URL: https://scialert.net/abstract/?doi=rjphyto.2017.11.19
 
Received: September 08, 2016; Accepted: October 30, 2016; Published: December 15, 2016



INTRODUCTION

Reactive oxygen species, such as singlet oxygen, superoxide ion, hydroxyl ion and hydrogen peroxide are highly reactive, toxic molecules which are generated normally in cells during metabolism. They cause severe oxidative damage to proteins, lipids, enzymes and DNA by covalent binding and lipid per oxidation with subsequent tissue injury. Natural antioxidant agents have attracted much interest because of their ability to scavenge free radicals1. Free radicals have been implicated in the development of a number of disorders, including cancer, neurodegeneration and inflammation2, giving rise to studies of antioxidants for the prevention and treatment of diseases. The presence of antioxidants such as phenolics, flavonoids, tannins and proanthocyanidins in plants may provide protection against a number of diseases for example, ingestion of natural antioxidants has been inversely associated with morbidity and mortality from degenerative disorders3. Medicinal plants are therefore being investigated for their antioxidant properties and the demand for natural antioxidants and food preservatives is increasing4.
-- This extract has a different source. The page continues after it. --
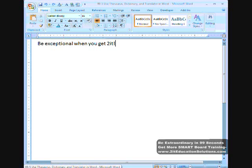I'm going to open up Microsoft Word here, this is the 2007 edition. I have a phrase, be exceptional when you get to it,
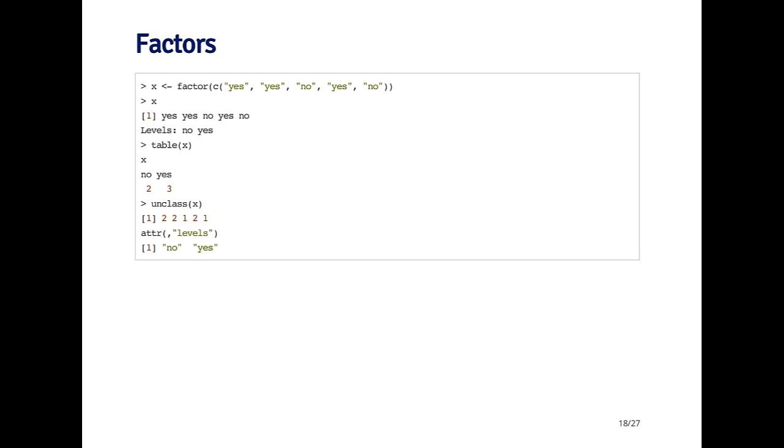Factors can be created with the factor function. The input into the factor function is a character vector. Here I'm just creating a simple factor which has two levels. The levels are yes and no. x is a factor, and you can see it prints out a little bit differently from a character vector in the sense that it prints out the values yes, yes, no, yes, no, and then it has a separate attribute which is called the levels. The levels of this factor are no and yes. So there's only two levels.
Abutilon indicum belongs to the family Malvaceae and distribute in all parts of tropical and sub tropical region of India. All parts of the plant have been recognized to have medicinal properties. The plant is commonly called as ‘Thuthi’ in Tamil Nadu. The traditional method of medicine, the plant used as anthelmintic, anti-inflammatory and is useful in urinary and uterine discharges, piles and lumbago5, jaundice, ulcer and leprosy. Abutilon indicum leaves are used in the treatment of toothache, lumbago, piles, anti-fertility and liver disorders. Although, the plant is widely used in traditional medicine, few studies have been conducted of the pharmacological activities of the plant6. Phenolic and flavonoid compounds are widespread in plant kingdom where they act as antioxidants and free radical scavengers7. The objective of this study was to determine the total phenolic and flavonoid content and the antioxidant and antimicrobial activity of a methanol extract of leaves and seeds of Abutilon indicum.

MATERIALS AND METHODS

Chemicals: Quercetin, 1,1-diphenyl-2-picrylhydrazyl (DPPH) and gallic acid were purchased from Sigma-Aldrich, USA. Folin-Ciocalteu reagent was obtained from Merck, Germany. All other chemicals and solvents used in the study were of analytical grade procured locally.

Collection and processing of plant material: The leaves and seeds of the plant Abutilon indicum collected from Siluvinippatti village, Sivagangai district, Tamil Nadu, India in the month of July, 2016 and authenticated by Dr. John Britto, Rapinat Herbarium, St., Joseph’s College, Tiruchirappalli, Tamil Nadu, India. The leaves were cleaned and shade dried for a week and grounded into uniform powder. One gram of plant material was added to 20 mL of aqueous methanol (20%, v/v) for 18 h at room temperature. The extracts were filtered and used for the estimation of total phenols, total flavanoids contents and antioxidant activity.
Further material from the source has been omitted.